Scythian, the Virginia-bred Celtic rock group, knows a thing or two about the rigors involved in becoming classically trained musicians. But what sets the quartet's new CD apart has a lot more to do with passion than with pedigree. The buskers-turned-band specialize in fusing Celtic, Gypsy and rock traditions with all the energy, affection and wit they can muster, which, as it turns out, is more than enough to justify the group's billing as "Celtic Adrenaline Pushers."
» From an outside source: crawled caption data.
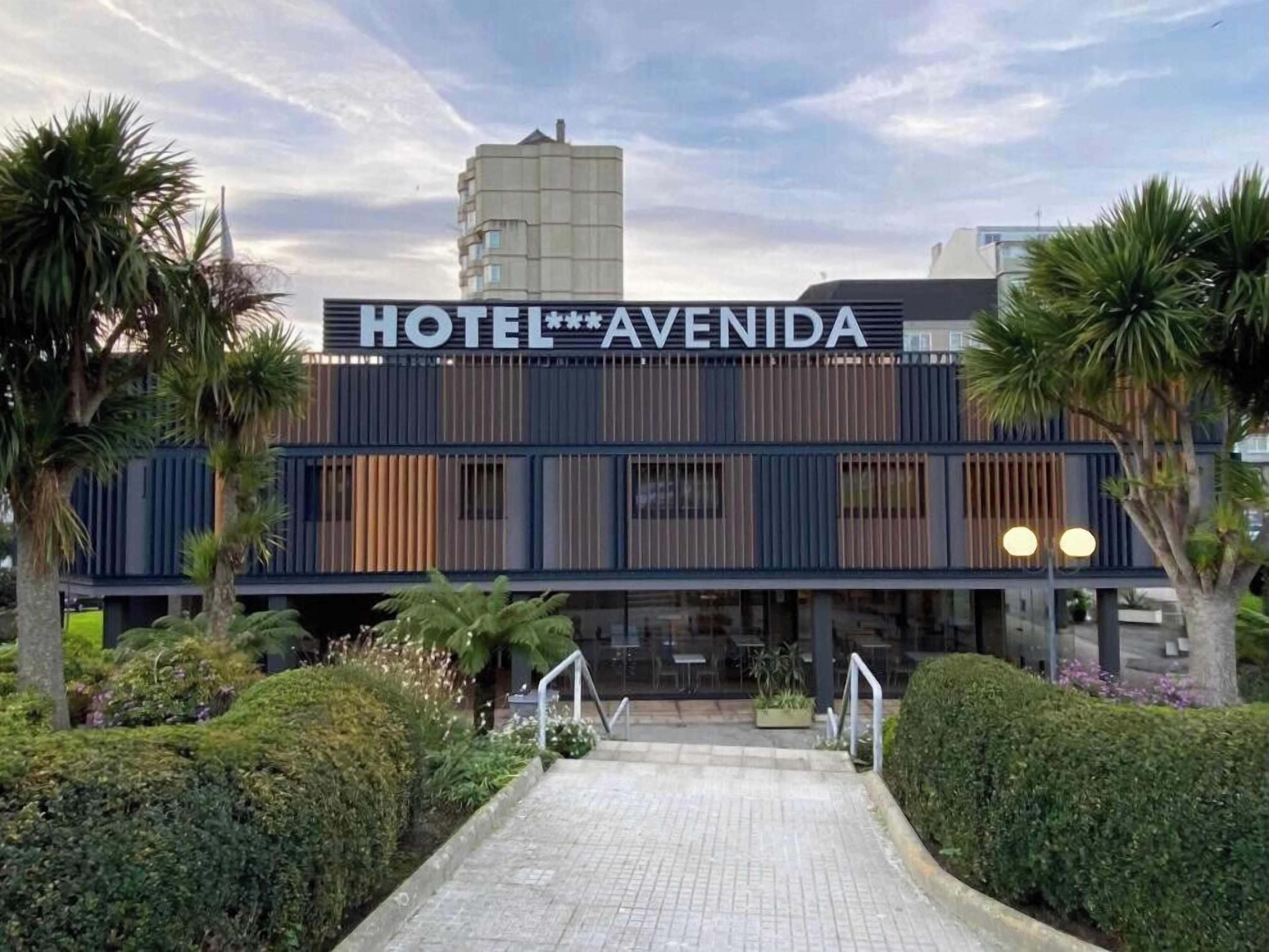 Avenida Lofts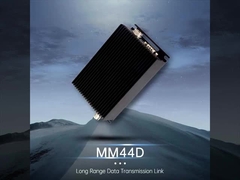 MM44D सीरियल डेटा लिंक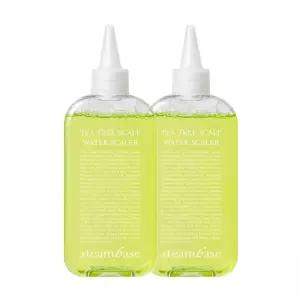 스팀베이스 티트리 스칼프 워터 스케일러 250ml x 2개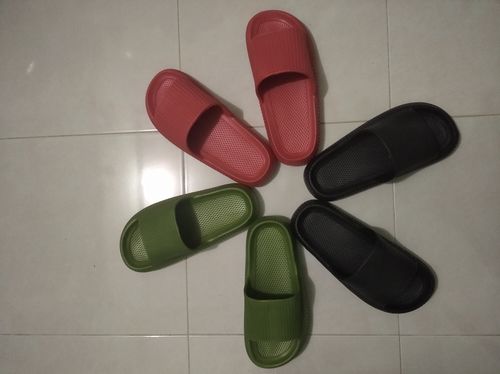 Customer photo review of ComfiiSlipper™ Air Slides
On "Immigrant Road Show," the band occasionally pays tribute to kindred spirits, first with a suitably barbed and boisterous rendition of Goats Don't Shave's "Hills of Donegal," then with a harmonious, pulsating take on the Pogues' "Tuesday Morning." Scythian even pulls a chapter from Commander Cody's "Tales From the Ozone" CD, fashioning a fresh arrangement of "Gypsy Fiddle" that moves from rhapsody to romp. A couple of original tunes also make the cut, including singer-guitarist-accordionist Danylo Fedoryka's amusing, tongue-tripping travelogue "Highway 81."

Mostly, though, Fedoryka and sibling Alexander, on fiddle, vocals, guitar, mandolin and harmonica, spearhead a sound that searches beyond contemporary sources for inspiration, be it a Gershwinesque flourish or a Scottish war chant. Fiddlers Fedoryka and Josef Crosby thrive on fast tempos, and percussionist Michael Ounallah keeps the fires stoked -- that is, when he isn't sustaining a swing pulse that leads to other adventures en route to the band's foot-stomping, bottle-hoisting performance of Pete St. John's "Fields of Athenry."